Namun, hingga dua tahun berikutnya letupan-letupan konflik terus terj adi antara Prancis dan Aljazair. Perjanjian Tafna lantas ditanda tangani, tetapi klausul-klausulnya cenderung begitu ketat dalam mengatur arus masuk-keluar antarwilayah kedua belah pihak. Saat itu, Prancis sebenarnya cukup terdesak. Sebab, nyaris dua pertiga wilayah bekas provinsi Turki Utsmaniyah itu sudah dikuasai Abdul Qadir.
Sementara, arus emigrasi dari Prancis ke Aljazair terus melonjak. Hingga akhir 1830-an, Aljir dihuni sekitar 14 ribu orang Eropa, 12 ribu Muslim, dan 6.000 orang Yahudi. Artinya, perluasan wilayah menjadi pilihan utama bagi si penjajah.
Apalagi, ambisi Prancis untuk menjadikan negeri tersebut sebagai koloni produktifnya masih saja membara. Maka dari itu, pada Oktober 1839 Paris memerintahkan gubernur jenderal Valee untuk memulai ekspansi militer demi merebut seluruh Aljazair.

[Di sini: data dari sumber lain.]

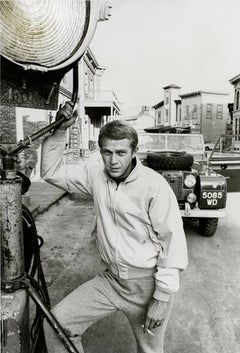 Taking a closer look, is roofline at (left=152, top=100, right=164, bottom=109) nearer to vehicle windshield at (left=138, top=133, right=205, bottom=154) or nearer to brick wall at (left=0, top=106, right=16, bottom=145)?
vehicle windshield at (left=138, top=133, right=205, bottom=154)

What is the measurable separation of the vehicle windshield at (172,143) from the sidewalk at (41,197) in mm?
2298

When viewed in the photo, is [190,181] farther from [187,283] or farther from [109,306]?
[109,306]

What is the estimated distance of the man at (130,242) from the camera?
1597mm

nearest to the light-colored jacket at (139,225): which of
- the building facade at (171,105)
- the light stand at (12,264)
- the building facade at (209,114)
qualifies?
the light stand at (12,264)

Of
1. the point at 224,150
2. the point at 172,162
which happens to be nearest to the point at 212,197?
the point at 172,162

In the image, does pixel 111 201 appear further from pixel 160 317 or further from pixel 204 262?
pixel 204 262

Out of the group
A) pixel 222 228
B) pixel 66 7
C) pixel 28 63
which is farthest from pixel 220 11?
pixel 222 228

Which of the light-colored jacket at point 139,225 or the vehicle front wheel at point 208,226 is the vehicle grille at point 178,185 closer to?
the vehicle front wheel at point 208,226

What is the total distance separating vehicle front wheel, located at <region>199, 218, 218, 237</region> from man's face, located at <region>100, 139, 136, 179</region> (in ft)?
11.5

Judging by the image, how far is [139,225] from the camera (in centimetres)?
164

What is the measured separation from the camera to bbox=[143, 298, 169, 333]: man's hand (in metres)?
1.58

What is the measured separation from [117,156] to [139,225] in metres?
0.37

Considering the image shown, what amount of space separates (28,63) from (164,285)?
114 cm

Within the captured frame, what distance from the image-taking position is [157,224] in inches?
63.6
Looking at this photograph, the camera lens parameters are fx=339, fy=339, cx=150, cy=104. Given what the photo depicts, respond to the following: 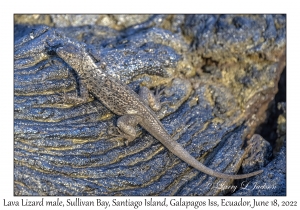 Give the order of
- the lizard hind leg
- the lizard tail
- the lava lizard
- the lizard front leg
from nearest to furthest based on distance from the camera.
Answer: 1. the lizard tail
2. the lava lizard
3. the lizard hind leg
4. the lizard front leg

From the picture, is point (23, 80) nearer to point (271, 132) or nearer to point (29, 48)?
point (29, 48)

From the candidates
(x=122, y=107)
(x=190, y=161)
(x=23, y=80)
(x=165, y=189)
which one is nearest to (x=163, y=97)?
(x=122, y=107)

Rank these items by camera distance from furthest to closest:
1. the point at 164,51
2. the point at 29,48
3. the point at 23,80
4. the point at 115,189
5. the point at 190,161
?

Abdul Qadir tidak langsung menyerukan perang total, tetapi terlebih dahulu menulis surat kepada raja Prancis. Dalam korespondensinya, pemimpin Muslim tersebut mempertanyakan komitmen Prancis terhadap perdamaian, seperti terpatri dalam Perjanjian Tafna. Dia juga menegaskan, tidak akan ragu menumpas setiap pasukan penjajah.